Work item: Set down exactly the lines of the records from the top to the line containing "Bold easy tiger"; include both.

Source records
☆ ☆ ☆ ☆ ☆

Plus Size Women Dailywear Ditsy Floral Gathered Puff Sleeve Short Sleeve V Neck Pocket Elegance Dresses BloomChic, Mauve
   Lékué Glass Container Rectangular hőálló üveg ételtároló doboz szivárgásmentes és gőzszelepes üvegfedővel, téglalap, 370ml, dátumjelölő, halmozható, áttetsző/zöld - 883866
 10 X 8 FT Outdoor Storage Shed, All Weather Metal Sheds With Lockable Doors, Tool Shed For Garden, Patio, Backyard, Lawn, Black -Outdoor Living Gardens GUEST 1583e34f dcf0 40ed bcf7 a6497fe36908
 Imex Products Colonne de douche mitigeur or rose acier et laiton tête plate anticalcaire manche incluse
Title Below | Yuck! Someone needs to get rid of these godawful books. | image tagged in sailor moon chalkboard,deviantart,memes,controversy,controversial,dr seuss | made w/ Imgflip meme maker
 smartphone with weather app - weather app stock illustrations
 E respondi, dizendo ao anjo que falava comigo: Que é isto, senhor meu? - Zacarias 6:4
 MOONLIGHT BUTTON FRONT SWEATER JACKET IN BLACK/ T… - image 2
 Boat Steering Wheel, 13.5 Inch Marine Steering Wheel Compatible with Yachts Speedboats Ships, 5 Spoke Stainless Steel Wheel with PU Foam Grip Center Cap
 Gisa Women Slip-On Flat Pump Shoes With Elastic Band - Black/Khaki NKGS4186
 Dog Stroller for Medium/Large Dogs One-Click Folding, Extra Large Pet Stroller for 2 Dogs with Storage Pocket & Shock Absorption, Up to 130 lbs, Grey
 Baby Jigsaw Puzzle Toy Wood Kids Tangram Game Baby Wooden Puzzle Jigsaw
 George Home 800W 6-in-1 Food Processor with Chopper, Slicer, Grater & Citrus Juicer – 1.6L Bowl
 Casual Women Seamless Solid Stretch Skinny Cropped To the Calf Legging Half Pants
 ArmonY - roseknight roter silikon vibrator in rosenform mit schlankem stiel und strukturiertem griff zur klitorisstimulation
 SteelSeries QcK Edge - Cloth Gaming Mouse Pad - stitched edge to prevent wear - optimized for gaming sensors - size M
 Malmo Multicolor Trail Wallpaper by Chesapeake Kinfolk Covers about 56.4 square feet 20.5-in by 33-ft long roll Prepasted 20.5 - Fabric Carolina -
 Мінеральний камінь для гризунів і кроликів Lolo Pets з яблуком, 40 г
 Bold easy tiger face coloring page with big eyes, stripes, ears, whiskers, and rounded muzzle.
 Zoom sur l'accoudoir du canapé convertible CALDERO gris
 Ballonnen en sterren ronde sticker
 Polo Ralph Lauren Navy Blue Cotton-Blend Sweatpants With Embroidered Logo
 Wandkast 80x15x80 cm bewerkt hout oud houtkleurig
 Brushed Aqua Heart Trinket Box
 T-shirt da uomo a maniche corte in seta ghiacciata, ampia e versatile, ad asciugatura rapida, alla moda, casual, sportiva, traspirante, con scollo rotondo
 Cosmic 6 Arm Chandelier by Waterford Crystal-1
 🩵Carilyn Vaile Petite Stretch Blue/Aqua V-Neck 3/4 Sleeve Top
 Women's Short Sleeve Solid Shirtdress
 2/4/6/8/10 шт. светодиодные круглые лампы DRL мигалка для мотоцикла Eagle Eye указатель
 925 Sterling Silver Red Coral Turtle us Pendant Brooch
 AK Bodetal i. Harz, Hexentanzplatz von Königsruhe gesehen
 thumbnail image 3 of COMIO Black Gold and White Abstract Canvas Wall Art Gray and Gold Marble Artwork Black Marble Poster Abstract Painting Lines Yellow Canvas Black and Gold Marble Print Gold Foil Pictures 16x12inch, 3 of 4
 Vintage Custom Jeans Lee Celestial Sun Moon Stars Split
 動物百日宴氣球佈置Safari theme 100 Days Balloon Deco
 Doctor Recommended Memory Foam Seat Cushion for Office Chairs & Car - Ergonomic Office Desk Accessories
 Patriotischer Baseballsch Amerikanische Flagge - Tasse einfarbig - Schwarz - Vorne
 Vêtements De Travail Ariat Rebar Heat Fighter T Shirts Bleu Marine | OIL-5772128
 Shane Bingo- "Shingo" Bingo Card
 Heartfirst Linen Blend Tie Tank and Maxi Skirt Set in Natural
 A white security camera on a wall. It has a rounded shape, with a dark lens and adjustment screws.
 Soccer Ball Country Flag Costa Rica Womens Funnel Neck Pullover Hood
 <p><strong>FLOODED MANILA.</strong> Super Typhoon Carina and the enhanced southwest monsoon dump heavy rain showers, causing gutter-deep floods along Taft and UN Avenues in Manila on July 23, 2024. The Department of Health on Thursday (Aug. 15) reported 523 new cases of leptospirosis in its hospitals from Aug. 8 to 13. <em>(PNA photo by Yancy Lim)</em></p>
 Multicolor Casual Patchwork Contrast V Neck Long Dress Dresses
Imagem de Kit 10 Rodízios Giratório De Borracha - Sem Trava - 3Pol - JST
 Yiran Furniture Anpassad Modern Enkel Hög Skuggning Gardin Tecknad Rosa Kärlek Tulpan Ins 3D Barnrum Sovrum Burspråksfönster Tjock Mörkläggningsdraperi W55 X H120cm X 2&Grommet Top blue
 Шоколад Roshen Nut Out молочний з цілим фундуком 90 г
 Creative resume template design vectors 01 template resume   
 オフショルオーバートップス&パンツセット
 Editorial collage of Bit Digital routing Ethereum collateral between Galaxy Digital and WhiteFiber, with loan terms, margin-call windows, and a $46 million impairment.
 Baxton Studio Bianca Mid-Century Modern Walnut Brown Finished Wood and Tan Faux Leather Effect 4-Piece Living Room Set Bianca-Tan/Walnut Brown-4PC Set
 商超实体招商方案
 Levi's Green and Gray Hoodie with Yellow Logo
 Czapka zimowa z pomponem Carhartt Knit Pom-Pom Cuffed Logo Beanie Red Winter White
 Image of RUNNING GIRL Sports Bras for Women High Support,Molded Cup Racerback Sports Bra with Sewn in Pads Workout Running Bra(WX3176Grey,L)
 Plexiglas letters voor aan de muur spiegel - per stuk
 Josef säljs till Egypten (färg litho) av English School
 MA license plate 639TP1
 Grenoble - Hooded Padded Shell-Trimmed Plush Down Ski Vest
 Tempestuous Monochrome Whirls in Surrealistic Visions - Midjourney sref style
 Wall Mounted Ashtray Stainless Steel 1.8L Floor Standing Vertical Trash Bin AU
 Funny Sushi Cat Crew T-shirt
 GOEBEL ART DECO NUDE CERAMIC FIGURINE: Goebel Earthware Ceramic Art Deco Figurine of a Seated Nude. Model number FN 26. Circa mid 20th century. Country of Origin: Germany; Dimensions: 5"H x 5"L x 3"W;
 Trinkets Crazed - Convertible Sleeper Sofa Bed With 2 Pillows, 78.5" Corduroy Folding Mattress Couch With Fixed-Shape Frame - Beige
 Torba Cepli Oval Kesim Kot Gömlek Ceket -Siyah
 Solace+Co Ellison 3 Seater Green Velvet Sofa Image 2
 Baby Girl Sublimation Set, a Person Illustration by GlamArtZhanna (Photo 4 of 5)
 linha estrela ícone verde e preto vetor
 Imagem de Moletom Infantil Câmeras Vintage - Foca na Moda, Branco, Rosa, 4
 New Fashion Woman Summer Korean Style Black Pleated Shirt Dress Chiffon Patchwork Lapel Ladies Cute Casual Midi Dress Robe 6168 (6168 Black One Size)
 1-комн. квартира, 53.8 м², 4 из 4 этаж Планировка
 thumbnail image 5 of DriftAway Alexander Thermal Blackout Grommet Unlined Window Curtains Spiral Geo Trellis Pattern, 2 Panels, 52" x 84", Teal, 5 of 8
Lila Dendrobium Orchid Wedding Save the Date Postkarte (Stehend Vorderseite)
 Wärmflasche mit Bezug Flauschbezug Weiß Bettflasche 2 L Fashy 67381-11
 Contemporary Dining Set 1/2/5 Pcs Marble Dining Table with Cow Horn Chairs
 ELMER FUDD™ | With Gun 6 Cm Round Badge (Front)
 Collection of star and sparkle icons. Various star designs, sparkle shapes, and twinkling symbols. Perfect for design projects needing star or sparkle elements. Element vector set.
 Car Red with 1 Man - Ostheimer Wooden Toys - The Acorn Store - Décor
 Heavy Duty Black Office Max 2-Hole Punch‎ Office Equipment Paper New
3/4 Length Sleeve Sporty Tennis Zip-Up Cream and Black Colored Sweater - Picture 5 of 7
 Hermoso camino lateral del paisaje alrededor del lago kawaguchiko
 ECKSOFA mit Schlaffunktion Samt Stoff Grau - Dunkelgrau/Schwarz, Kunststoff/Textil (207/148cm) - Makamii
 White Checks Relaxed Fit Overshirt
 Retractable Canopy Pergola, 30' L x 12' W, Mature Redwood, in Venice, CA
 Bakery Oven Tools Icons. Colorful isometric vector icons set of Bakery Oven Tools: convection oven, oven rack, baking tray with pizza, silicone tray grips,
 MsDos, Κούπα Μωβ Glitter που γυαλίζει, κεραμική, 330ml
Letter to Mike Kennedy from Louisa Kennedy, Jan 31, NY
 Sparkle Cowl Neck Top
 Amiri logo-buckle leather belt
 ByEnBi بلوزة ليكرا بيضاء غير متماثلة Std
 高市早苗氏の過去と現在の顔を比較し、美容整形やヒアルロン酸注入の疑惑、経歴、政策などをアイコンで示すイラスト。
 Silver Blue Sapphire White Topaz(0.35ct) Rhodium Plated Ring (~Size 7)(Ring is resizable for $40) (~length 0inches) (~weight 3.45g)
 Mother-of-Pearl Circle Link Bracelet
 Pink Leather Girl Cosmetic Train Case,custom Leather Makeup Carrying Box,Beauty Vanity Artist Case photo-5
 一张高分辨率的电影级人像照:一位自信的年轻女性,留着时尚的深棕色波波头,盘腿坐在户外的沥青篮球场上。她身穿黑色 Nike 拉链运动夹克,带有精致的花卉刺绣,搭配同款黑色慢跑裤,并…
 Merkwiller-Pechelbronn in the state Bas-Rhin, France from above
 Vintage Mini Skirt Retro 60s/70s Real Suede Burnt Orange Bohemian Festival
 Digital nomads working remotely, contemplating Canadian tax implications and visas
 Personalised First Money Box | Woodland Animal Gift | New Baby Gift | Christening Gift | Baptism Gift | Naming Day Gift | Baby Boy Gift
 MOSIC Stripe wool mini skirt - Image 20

☆ ☆ ☆ ☆ ☆

Answer space:
Plus Size Women Dailywear Ditsy Floral Gathered Puff Sleeve Short Sleeve V Neck Pocket Elegance Dresses BloomChic, Mauve
   Lékué Glass Container Rectangular hőálló üveg ételtároló doboz szivárgásmentes és gőzszelepes üvegfedővel, téglalap, 370ml, dátumjelölő, halmozható, áttetsző/zöld - 883866
 10 X 8 FT Outdoor Storage Shed, All Weather Metal Sheds With Lockable Doors, Tool Shed For Garden, Patio, Backyard, Lawn, Black -Outdoor Living Gardens GUEST 1583e34f dcf0 40ed bcf7 a6497fe36908
 Imex Products Colonne de douche mitigeur or rose acier et laiton tête plate anticalcaire manche incluse
Title Below | Yuck! Someone needs to get rid of these godawful books. | image tagged in sailor moon chalkboard,deviantart,memes,controversy,controversial,dr seuss | made w/ Imgflip meme maker
 smartphone with weather app - weather app stock illustrations
 E respondi, dizendo ao anjo que falava comigo: Que é isto, senhor meu? - Zacarias 6:4
 MOONLIGHT BUTTON FRONT SWEATER JACKET IN BLACK/ T… - image 2
 Boat Steering Wheel, 13.5 Inch Marine Steering Wheel Compatible with Yachts Speedboats Ships, 5 Spoke Stainless Steel Wheel with PU Foam Grip Center Cap
 Gisa Women Slip-On Flat Pump Shoes With Elastic Band - Black/Khaki NKGS4186
 Dog Stroller for Medium/Large Dogs One-Click Folding, Extra Large Pet Stroller for 2 Dogs with Storage Pocket & Shock Absorption, Up to 130 lbs, Grey
 Baby Jigsaw Puzzle Toy Wood Kids Tangram Game Baby Wooden Puzzle Jigsaw
 George Home 800W 6-in-1 Food Processor with Chopper, Slicer, Grater & Citrus Juicer – 1.6L Bowl
 Casual Women Seamless Solid Stretch Skinny Cropped To the Calf Legging Half Pants
 ArmonY - roseknight roter silikon vibrator in rosenform mit schlankem stiel und strukturiertem griff zur klitorisstimulation
 SteelSeries QcK Edge - Cloth Gaming Mouse Pad - stitched edge to prevent wear - optimized for gaming sensors - size M
 Malmo Multicolor Trail Wallpaper by Chesapeake Kinfolk Covers about 56.4 square feet 20.5-in by 33-ft long roll Prepasted 20.5 - Fabric Carolina -
 Мінеральний камінь для гризунів і кроликів Lolo Pets з яблуком, 40 г
 Bold easy tiger face coloring page with big eyes, stripes, ears, whiskers, and rounded muzzle.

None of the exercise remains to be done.